[Start of section]

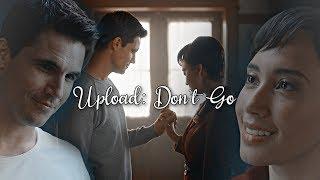 Don't Go - Nathan and Nora [Upload] 1x10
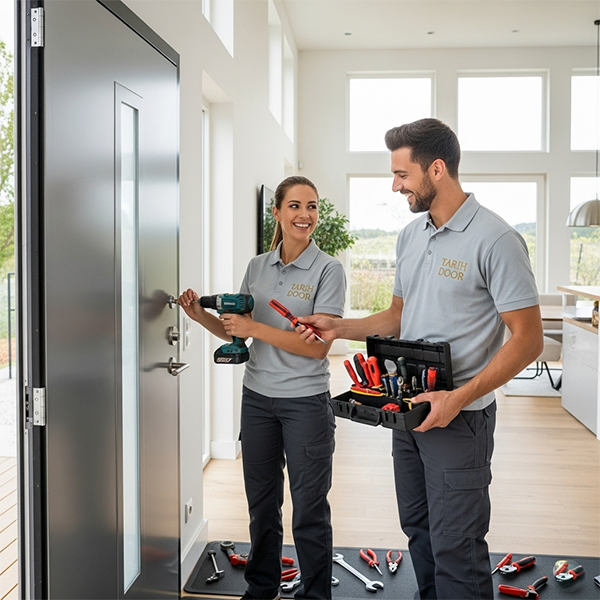 Çelik Kapı Tamiri Arnavutköy Ömerli Mahallesi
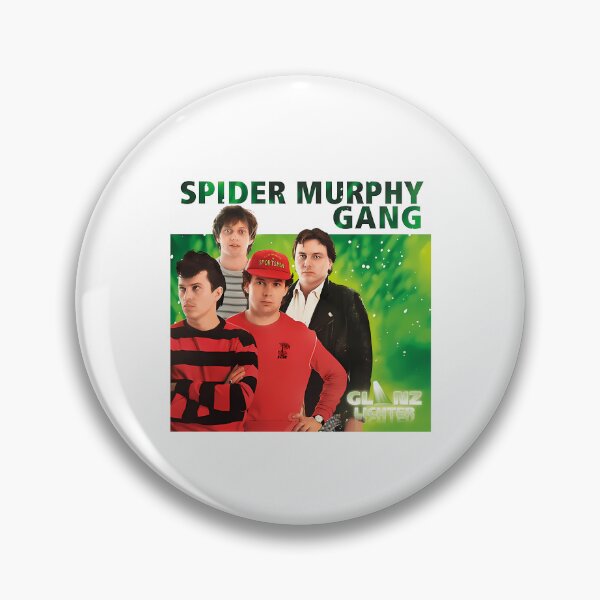 Item preview, Spider Murphy Gang - Glanzlichter  2004 designed and sold by strawberrylunab.
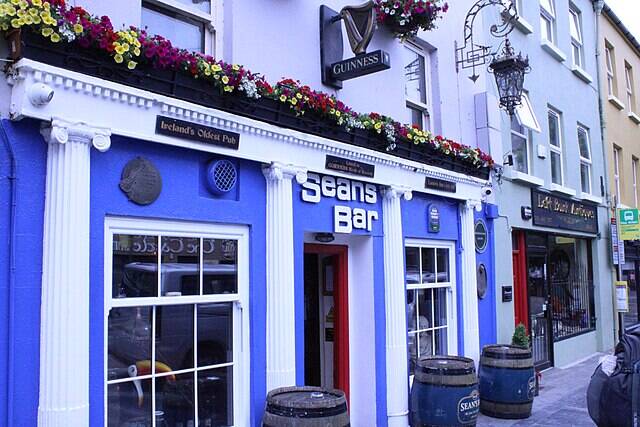 Sean's_Bar,_Athlone,_2025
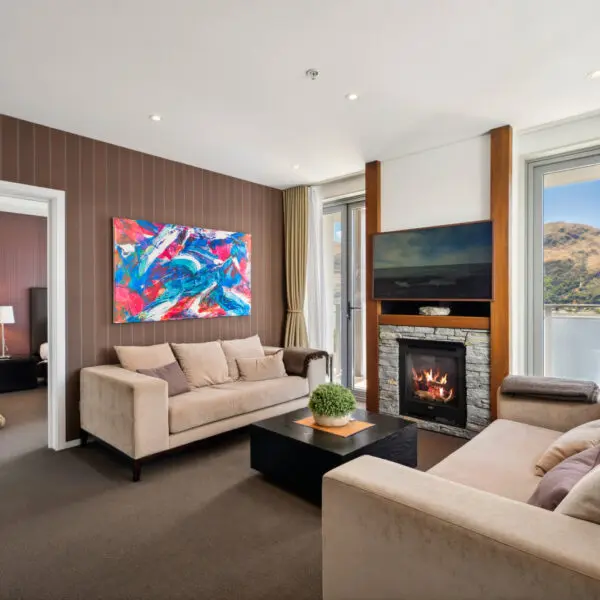 Five Star Luxury Kawarau Penthouse!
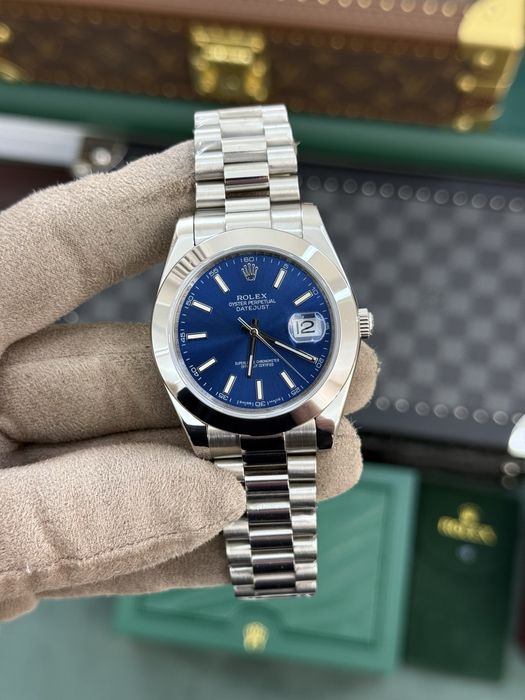Rolex Date-Just 41
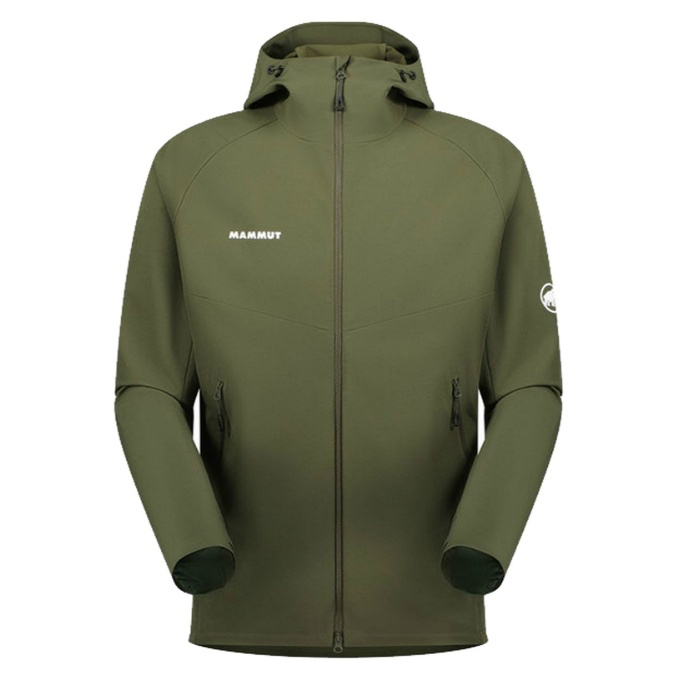 マムート(MAMMUT) アウトドア ジャケット マクン 2.0 フーデッド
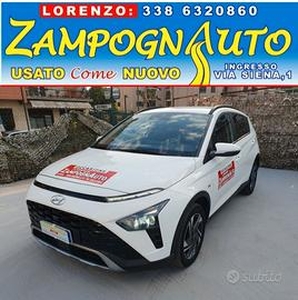 Hyundai Bayon 1.0 T-GDI Hybrid 48V iMT XLine ZAMPO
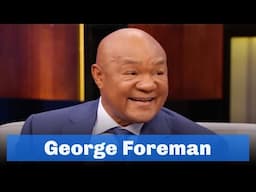 Boxing 🥊 Legend GEORGE FOREMAN is Bringing the Love! ❤️II STEVE HARVEY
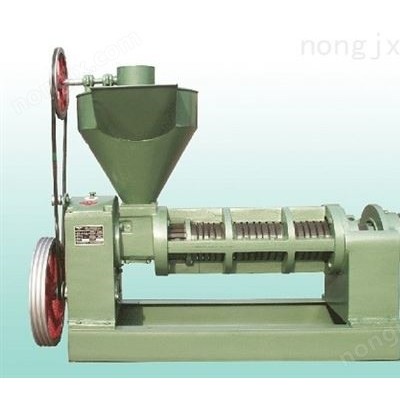 6YL-125型螺旋榨油機(jī)
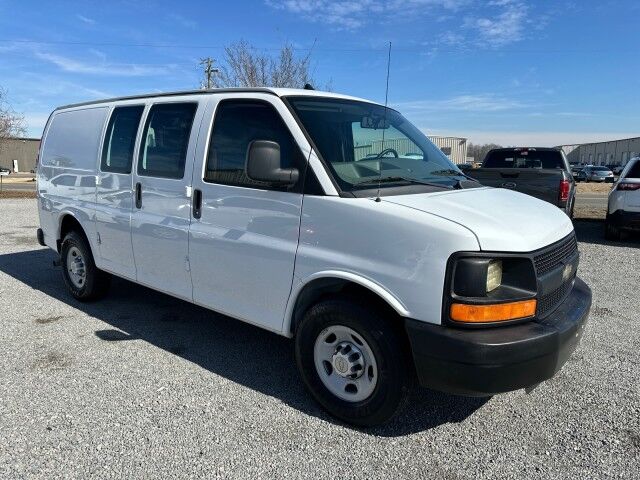 2013 Chevrolet Express 2500 Cargo Van w/ Bin Pkg Ashland VA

[End of section]

● **Your objective**:
The result should hold only the lines from the line with "Item preview, Spider" through the final line of the records above, copied exactly, with pictures left out.

● **Solution to this problem**:
 Item preview, Spider Murphy Gang - Glanzlichter  2004 designed and sold by strawberrylunab.
 Sean's_Bar,_Athlone,_2025
 Five Star Luxury Kawarau Penthouse!
Rolex Date-Just 41
 マムート(MAMMUT) アウトドア ジャケット マクン 2.0 フーデッド
 Hyundai Bayon 1.0 T-GDI Hybrid 48V iMT XLine ZAMPO
 Boxing 🥊 Legend GEORGE FOREMAN is Bringing the Love! ❤️II STEVE HARVEY
 6YL-125型螺旋榨油機(jī)
 2013 Chevrolet Express 2500 Cargo Van w/ Bin Pkg Ashland VA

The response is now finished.